We also conducted interviews with faculty who had received funding from either the NSF or one of the agencies implicated in the OSTP memorandum of February 2013. As a result, we have implemented data consulting services and created workshops for faculty applying for or receiving NSF funding. We plan on using survey feedback collected from this targeted group as we expand our services to researchers at every point in the data lifecycle, allowing us to position the library as an authority in research data management.
More than just Yoda: The role of 3D printing in the research and teaching mission of the library
Sara Russell Gonzalez & Denise Beaubien Bennett
University of Florida
Poster available at: http://ufdcimages.uflib.ufl.edu/IR/00/00/41/30/00001/STS_Poster_SRG_DBB.pdf
3D printers are a popular addition to library makerspaces yet retain the perception of lacking serious academic purpose and only suitable for trivial uses. Many sci-tech librarians would like to purchase a 3D printer but are unsure how to justify the cost or the added service. We will present use cases that highlight the exciting opportunities that 3D printing in the library provides to STEM researchers and students. These examples range across engineering to mathematics and the hard sciences and include both opportunities for incorporation into class assignments as well as visualization for research purposes. We will also give strategies for gathering institutional support that include contacting faculty who teach design-based courses that could include a 3D printed project; identifying researchers in key disciplines that benefit from custom-made tools; and locating student groups that will benefit from the 3D printing service. Identifying faculty and researchers in advance can strengthen funding proposals as well as “elevator pitches” to library and university administrators by demonstrating that a 3D printer supports research and teaching as well as tinkering. Adding a 3D printing service can strengthen the library’s role as a center for creative thinking and collaboration that serves the entire academic community.
STEM Students & E-books
Lee A. Cummings
For many institutions, the direction in acquiring books for the STEM fields is moving toward an e-preferred model, and for good reason: e-books do not suffer physical damage, they take up no shelf space, and they often allow multiple concurrent users. But do students have a preference?
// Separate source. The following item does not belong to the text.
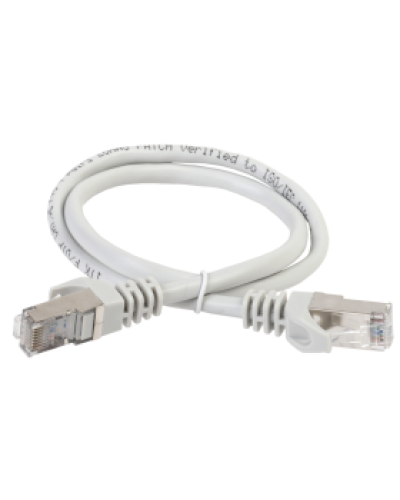 GENERICA Патч-корд кат.5E FTP 1м серый (PC01-C5EF-1M-G). Патч-корд медный. IEK в Екатеринбурге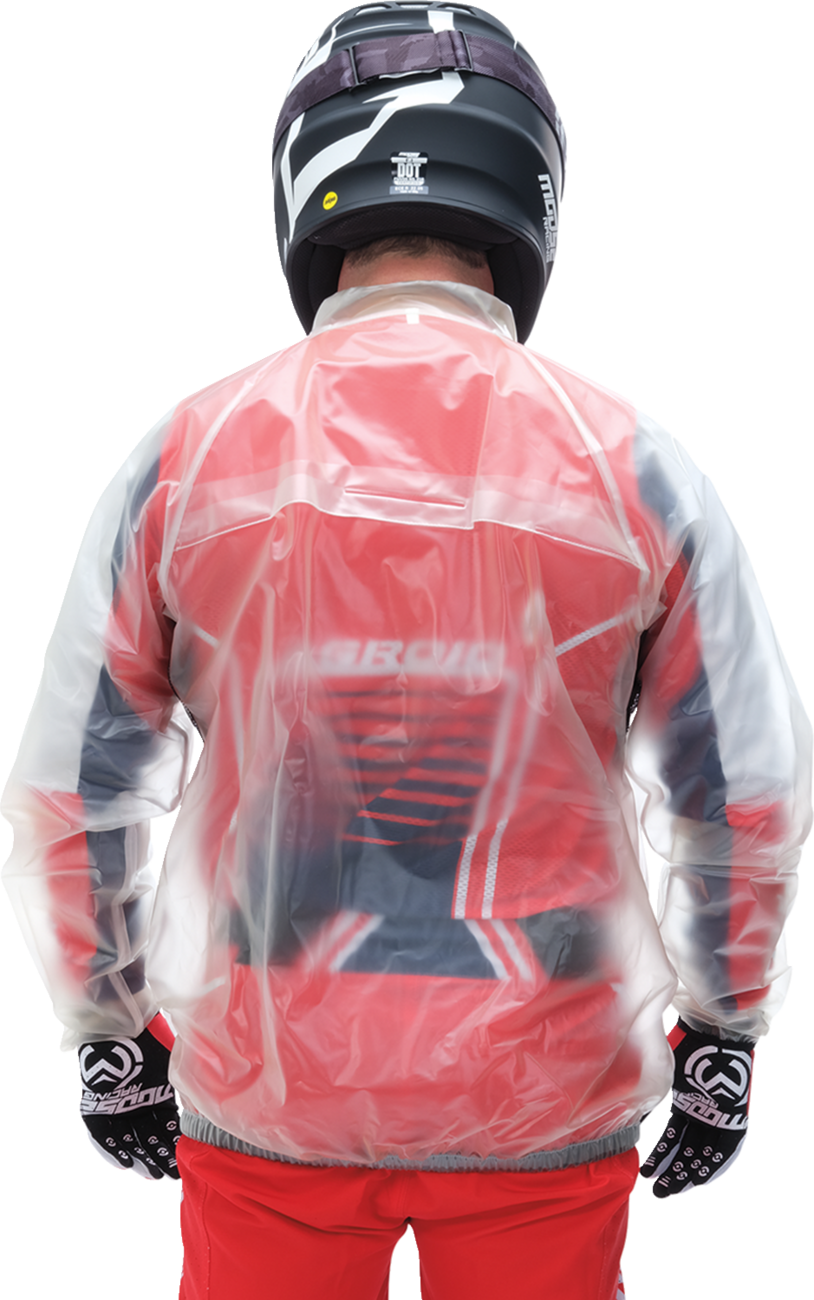MOOSE RACING Rain Jacket - Clear - XL 2854-0374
And if so, how can libraries match that preference while balancing budgets, network resources, and space?
At Binghamton University research into this question began with a survey of students in the Engineering and Applied Science disciplines. In the past few years several universities, domestic and abroad, have conducted similar surveys, including York University (Nariani, 2009), the University of Denver (Levine-Clark, 2006), and Universiti Putra Malaysia (Letchumanan & Tarmizi, 2011). Like these studies, the survey at Binghamton, conducted in the Fall of 2013, sought input from students on multiple topics, such as frequency of e-book usage, and desirable platform features.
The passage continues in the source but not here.